Implications

Last updated about 14 hours ago

Implications are reactive: when one event happens, they trigger another. All implied events are written atomically with the trigger event. Order placed? Reserve inventory. Low stock? Reorder. User upgraded? Grant features.

This guide covers practical patterns.

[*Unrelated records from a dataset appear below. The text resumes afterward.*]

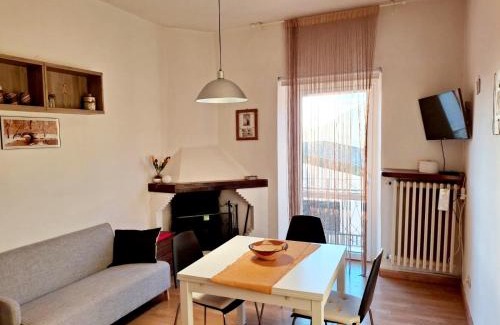 Celano House | Il balcone sulla Marsica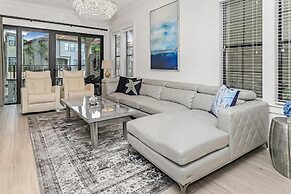 Villa Lago 1945 - 4BR 4b.5a -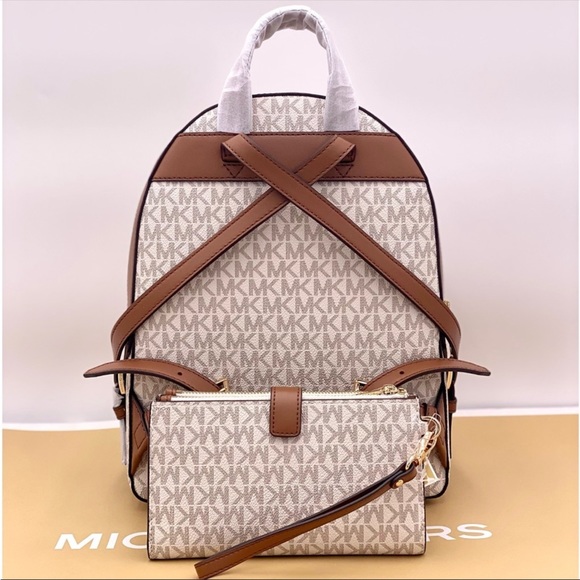 MICHAEL KORS JAYCEE MEDIUM
BACKPACK and Wallet Set VANILLA - Picture 4 of 14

For full syntax details, see Implications reference.

Basic implication

Define in your spec:

{
  "aggregate_types": {
    "order": {
      "events": {
        "was_placed": {
          "schema": {"type": "object", "properties": {"items": {"type": "array"}}},
          "handler": [{"set": {"target": "", "value": "$.data"}}],
          "implications": [
            {
              "emit": {
                "aggregate_type": "notification",
                "id": "admin",
                "event_type": "was_queued",
                "data": {"message": "New order received"}
              }
            }
          ]
        }
      }
    }
  }
}

When order.was_placed fires, j17 emits notification.admin.was_queued with the given data.

Conditional implications

Only trigger when conditions are met:

{
  "was_paid": {
    "schema": {"type": "object", "properties": {"amount": {"type": "number"}}},
    "handler": [{"set": {"target": "", "value": "$.data"}}],
    "implications": [
      {
        "condition": {"gte": ["$.data.amount", 100]},
        "emit": {
          "aggregate_type": "loyalty",
          "id": "$.metadata.actor.id",
          "event_type": "had_points_credited",
          "data": {"points": 10}
        }
      }
    ]
  }
}

Orders of $100 or more credit loyalty points. Conditions use the same predicate syntax as handlers.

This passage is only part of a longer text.